Il Napoli ritrova se stesso davanti al proprio pubblico e lo fa alla sua maniera: annichilendo un’Udinese che paga oltre i propri demeriti la ritrovata vena gonfia di Kvicha e compagni.

Eppure le premesse non sembravano presagire niente di buono, con un lungo pomeriggio in attesa di capire se Victor avrebbe trovato posto nell’undici iniziale, dopo una nottata passata a cancellare dai social i ricordi di un anno magico. Era inevitabile ritrovarsi, troppo brutte le prestazioni di monumenti come Anguissa e Kvaratskhelia per essere vere. Possibile che quel bruto di Garcia avesse spento la fiamma del loro talento nell’arco di pochi mesi?

Certo, il tecnico ci ha messo del suo provando da subito a cambiare delicati equilibri, ma l’handicap tecnico col quale ha condotto gli azzurri in queste prime giornate era roba che avrebbe messo alle corde anche il bravo Spalletti. Saranno stati i nuovi metodi di allenamento, necessari ad una stagione da vivere tutta d’un fiato, ad ingolfare il motore nelle prime giornate, con Anguissa irriconoscibile e incapace di portare il livello di aggressione del pallone ai livelli che gli competono, costringendo Lobotka ad un doppio e ingrato lavoro, distogliendolo dai compiti di regia che avevano fatto le fortune del tema tattico orchestrato nella passata stagione. E invece oggi, specie nel secondo tempo, il Napoli ha ritrovato quelle geometrie capaci di irretire il pressing avversario e liberare dalle catene un Kvaratskhelia indemoniato, tornato a dipingere calcio con pennellate decise, vive e che hanno trafitto la retroguardia friulana, impotente di fronte alla smania di ritrovare quel gol che mancava ormai da troppo tempo. Ci hanno provato prima Silvestri e poi i pali della sua porta a rimandare l’appuntamento col virtuale abbraccio della curva, ma stasera anche i legni si sono dovuti piegare al volere del georgiano.
In gol anche Victor, ma la sua esultanza, se così la si può chiamare, dimostra che forse non basterà solo parlarsi, ma provare a capire se c’è la volontà di proseguire insieme almeno per questa stagione.

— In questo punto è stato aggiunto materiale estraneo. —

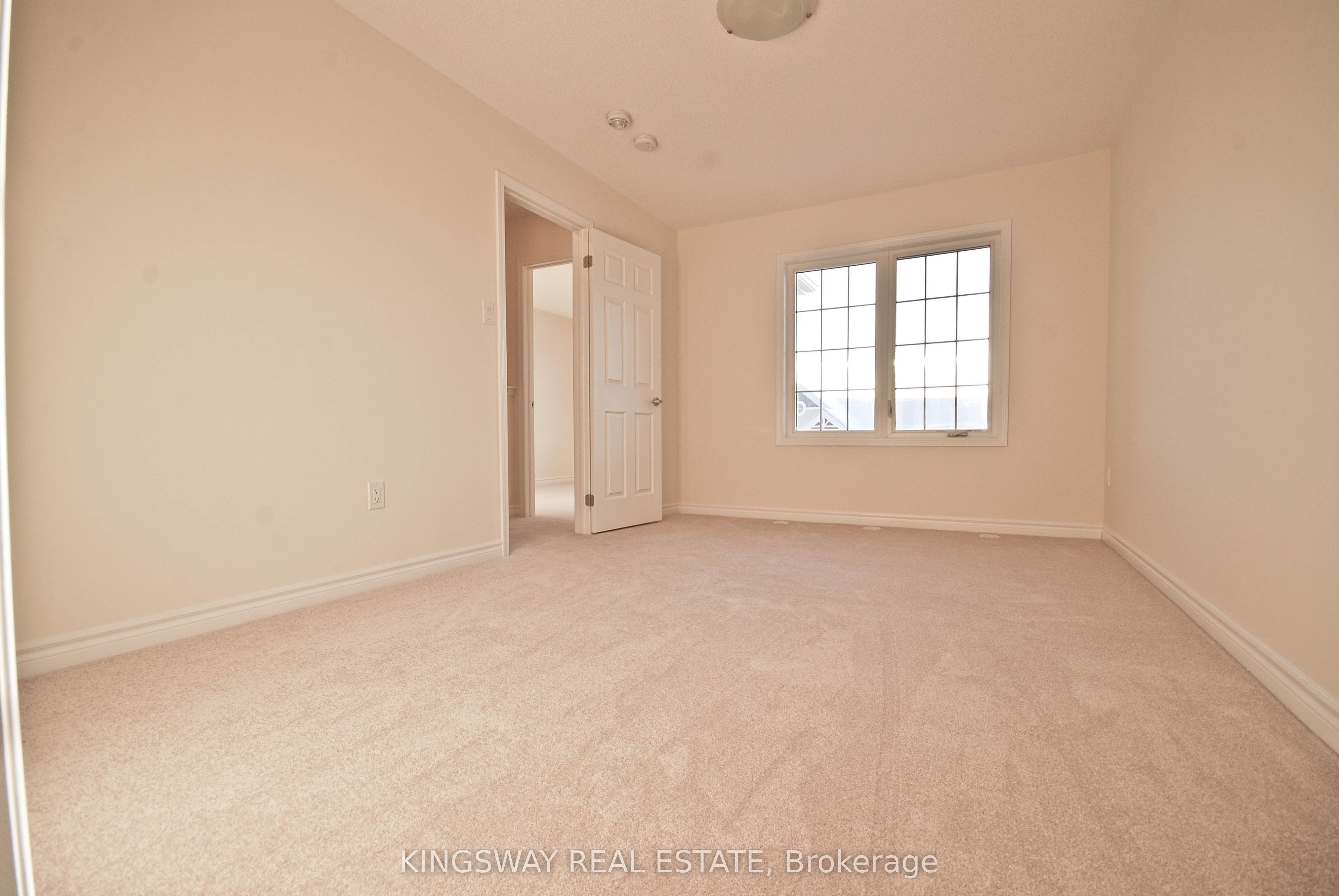 1670 Clitherow Street Property Photo 9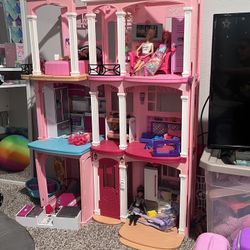 Barbie Dollhouse 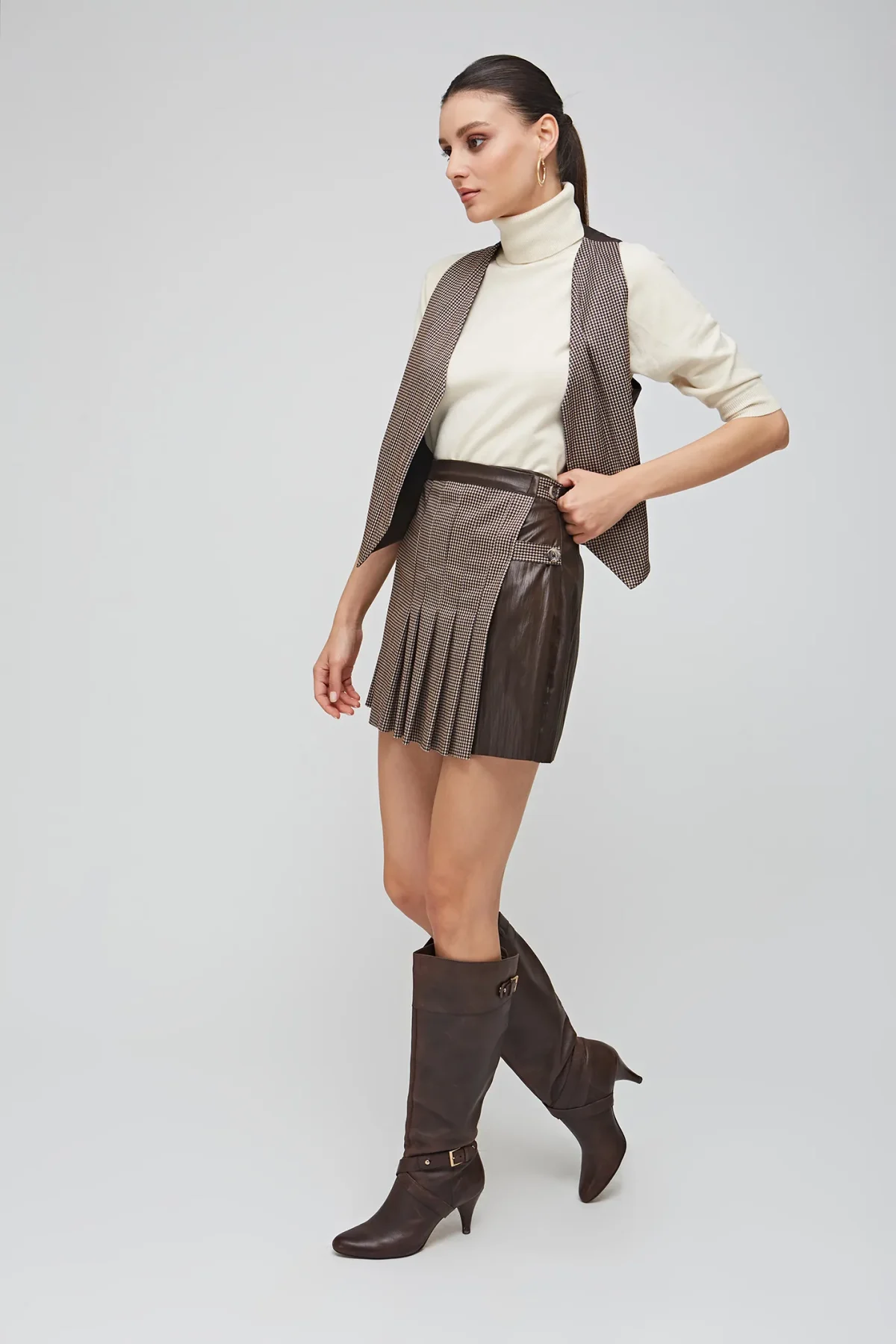 Sırtı Deri Detaylı Kahve Düğmesiz Yelek - BE OZ - Görsel 2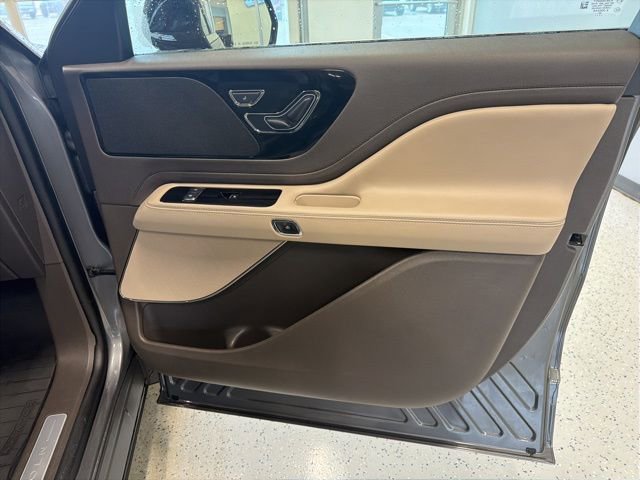 Used 2023 Lincoln Aviator AWD w/ Premium Package image 44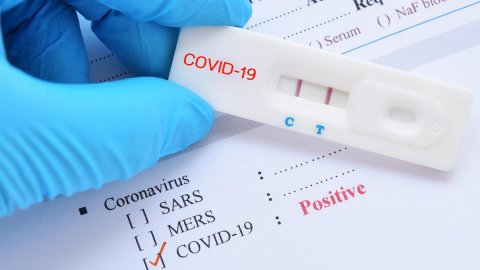 Hamile kadın koronavirüse yakalanınca kocası hayatı kâbusa çevirdi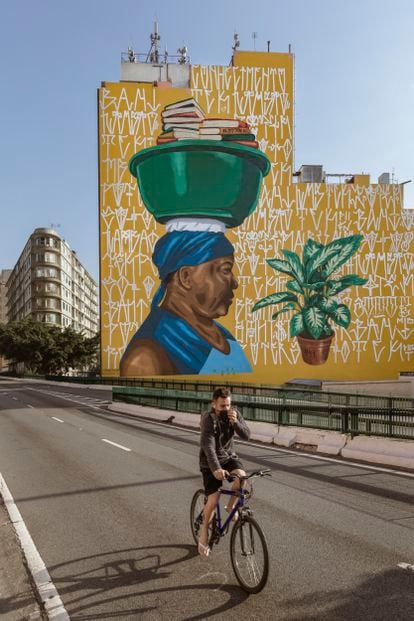 Un ciclista pasa ante una de las obras del Minhocão firmada por Roninho Santana en colaboración con un grupo de pichadores, autores de una caligrafía tipificada como delito.
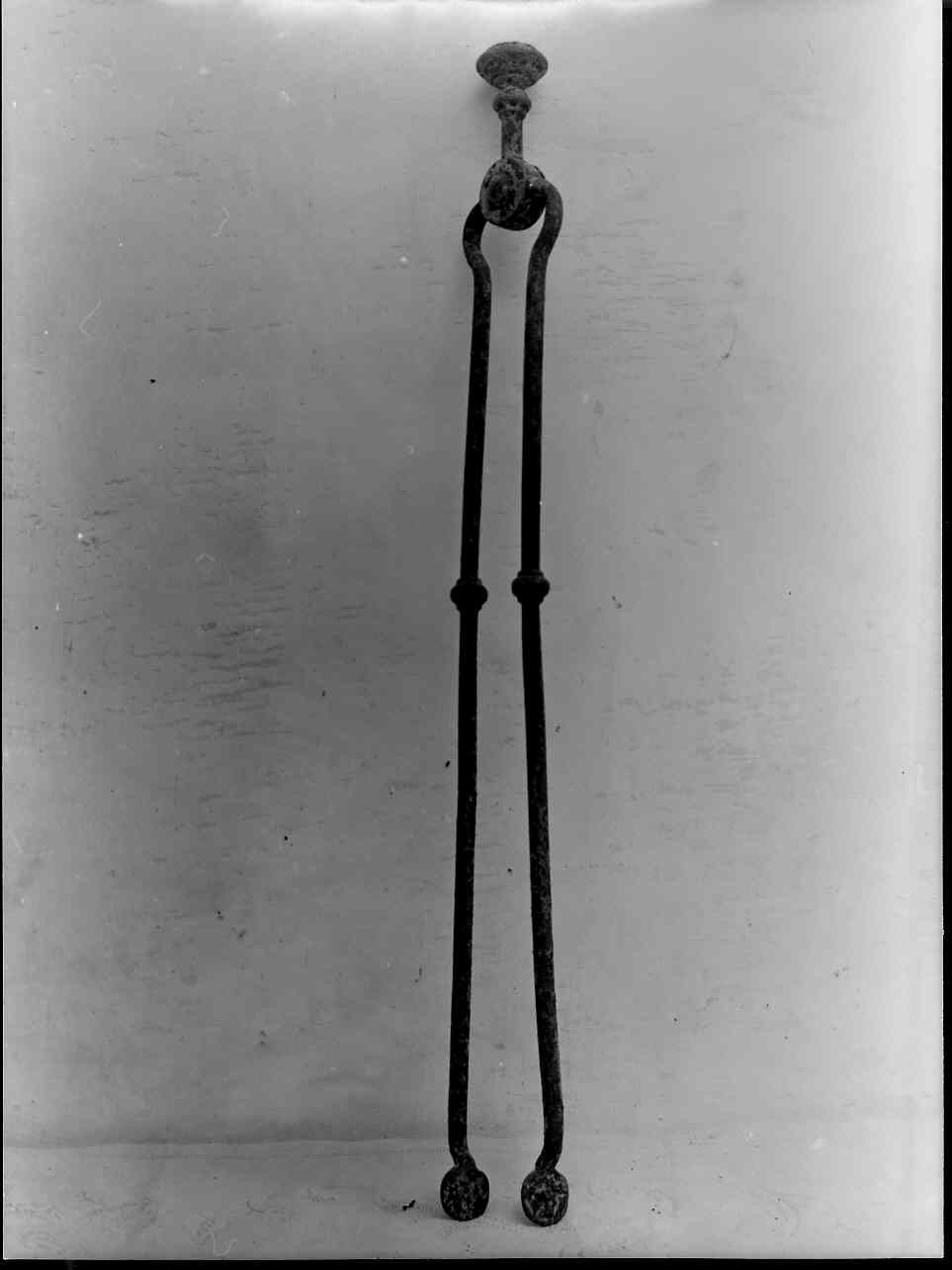 molla da camino, strumenti - bottega ligure (secc. XIX/ XX)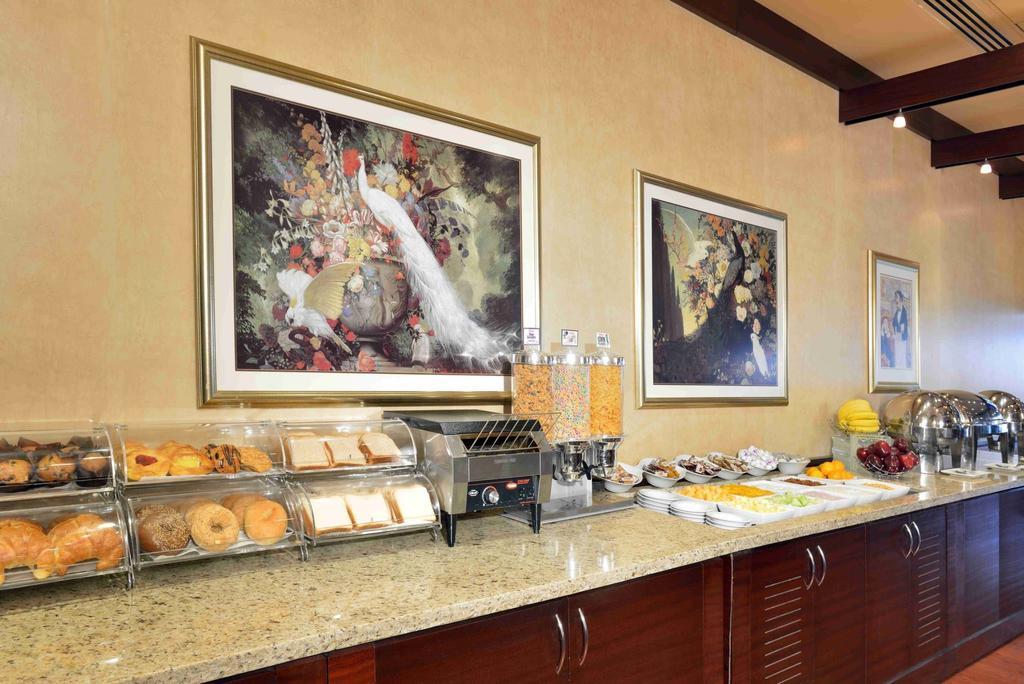 Best Western Primrose Hotel Downtown Торонто Экстерьер фото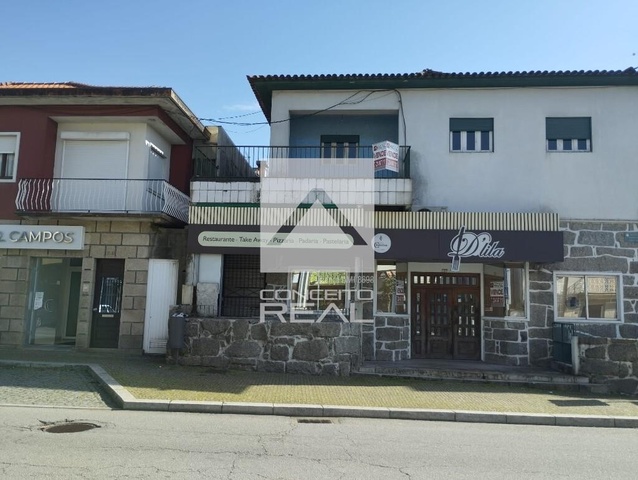 Pr�dio - Rebordosa, Paredes, Porto - Imagem grande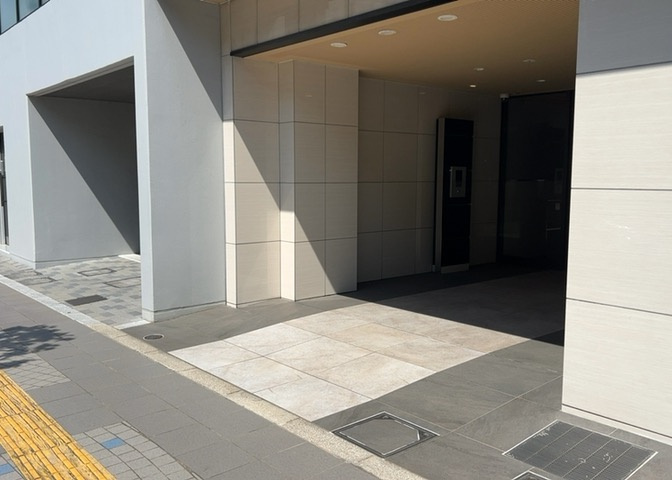 共用部分は、一棟の建物に住む区分所有者全員が共同で所有するとし、共用部分の管理、補修などは、区分所有者で形成される管理組合が行います。個人の判断で勝手に変更することはできませんので覚えておきましょう。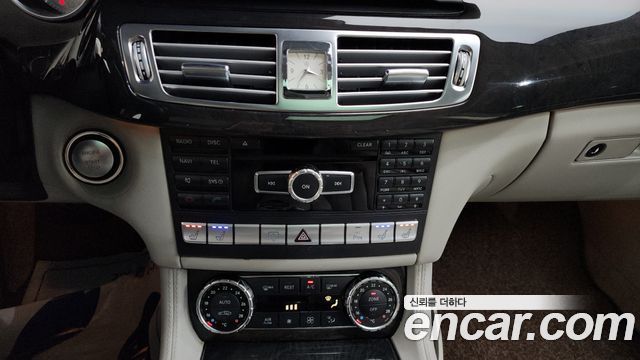 Mercedes-Benz CLS-Class 2012 — photo 14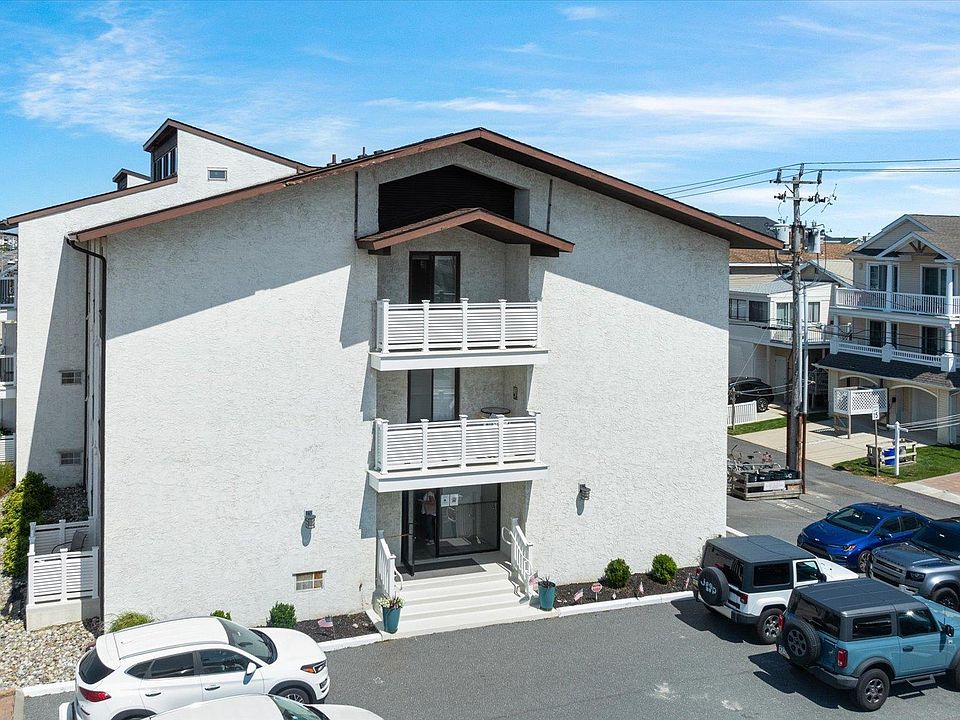 1st image of 301 41st St APT 10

Una partita non cancella il secondo tempo con la Lazio e nemmeno i 70 minuti in balia di un modesto Genoa, ma può rappresentare una svolta nel rapporto tra tecnico e squadra. Garcia deve avere l’umiltà e la malizia di cavalcare l’onda, deve capire che in una piazza come Napoli il compromesso spesso è un obbligo e che un popolo che vive di tradizioni millenarie è riluttante a mettere da parte il passato, soprattutto se vincente. Sembrava tutto perduto e invece il Napoli si risveglia a meno 4 dalla cima e il rimpianto di aver lasciato dagli undici metri due punti che l’avrebbero proiettato in zona Champions. Ma non basta una partita per ritrovare il sereno e il rischio di essere solo nell’occhio del ciclone è ancora una tremenda possibilità.

A Lecce Garcia e il suo staff si giocano una fetta importante della propria credibilità agli occhi di squadra e pubblico, obbligati a dare continuità alla spettacolare prestazione di stasera e a pochi giorni dal big match col Real Madrid. Vogliamo credere che si sia deciso di guardarsi negli occhi, abbandonare il narcisismo dei propri personalismi e scelto il comune percorso per il bene del Napoli e dei napoletani. La partita di stasera non deve essere un colpo di coda, non può, non ancora.